Zmarł Ronnie Tutt…
Odszedł wieloletni perkusista Elvisa Presleya
16 października br. w wieku 83 lat zmarł Ronnie Tutt, wybitny perkusista, wspaniały człowiek oraz wieloletni członek grupy TCB Band towarzyszącej Elvisowi Presleyowi na scenie i w studiu nagraniowym.
„Ronnie odszedł spokojnie w otoczeniu swojej kochającej rodziny dziś około południa„, napisał Terry Blackwood z kwartetu The Imperials.

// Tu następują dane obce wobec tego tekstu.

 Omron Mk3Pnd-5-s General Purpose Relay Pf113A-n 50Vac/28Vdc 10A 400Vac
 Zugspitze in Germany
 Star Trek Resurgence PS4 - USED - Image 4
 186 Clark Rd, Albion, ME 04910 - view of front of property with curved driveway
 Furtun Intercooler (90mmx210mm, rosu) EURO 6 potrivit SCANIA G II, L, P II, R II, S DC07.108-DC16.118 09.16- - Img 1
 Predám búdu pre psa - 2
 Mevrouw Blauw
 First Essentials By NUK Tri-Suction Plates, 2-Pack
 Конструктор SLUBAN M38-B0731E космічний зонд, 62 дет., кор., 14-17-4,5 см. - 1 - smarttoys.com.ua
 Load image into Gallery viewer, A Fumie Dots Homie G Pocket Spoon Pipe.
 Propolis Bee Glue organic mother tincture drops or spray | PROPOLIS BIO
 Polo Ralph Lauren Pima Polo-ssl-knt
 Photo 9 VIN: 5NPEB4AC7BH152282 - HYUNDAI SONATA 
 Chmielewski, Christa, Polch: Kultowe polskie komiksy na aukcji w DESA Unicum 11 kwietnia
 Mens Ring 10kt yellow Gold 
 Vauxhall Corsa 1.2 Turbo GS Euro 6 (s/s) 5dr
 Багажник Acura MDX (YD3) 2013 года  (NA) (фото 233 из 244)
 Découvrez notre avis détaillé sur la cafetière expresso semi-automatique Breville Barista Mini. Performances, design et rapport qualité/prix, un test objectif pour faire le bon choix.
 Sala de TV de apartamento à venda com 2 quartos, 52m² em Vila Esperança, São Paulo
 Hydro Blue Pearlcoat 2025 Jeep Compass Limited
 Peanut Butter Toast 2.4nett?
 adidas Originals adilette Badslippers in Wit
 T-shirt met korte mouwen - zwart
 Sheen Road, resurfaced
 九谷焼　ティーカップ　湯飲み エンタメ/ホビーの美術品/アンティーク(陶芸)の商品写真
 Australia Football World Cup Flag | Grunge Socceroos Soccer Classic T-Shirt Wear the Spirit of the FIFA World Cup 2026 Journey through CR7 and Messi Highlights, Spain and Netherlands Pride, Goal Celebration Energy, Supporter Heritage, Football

„Nasze relacje nie były czysto zawodowe. Wiele razy rozmawialiśmy także na tematy osobiste, o różnych sytuacjach, problemach…„. Tak w 2018 roku muzyk mówił w udzielonym mi wywiadzie o swojej relacji ze słynnym królem rock’n’rolla.
Do zespołu Presleya Tutt dołączył w pierwszych miesiącach 1969 roku – na krótko przed wznowieniem przez Elvisa działalności koncertowej po kilkuletniej przerwie spowodowanej kręceniem filmów. Od tego czasu towarzyszył mu niemal bez przerwy we wszystkich trasach koncertowych i niektórych sesjach nagraniowych (był obecny m.in podczas nagrywania takich hitów jak „Always On My Mind”, „Seperate Ways”, „My Boy” czy „Promised Land”).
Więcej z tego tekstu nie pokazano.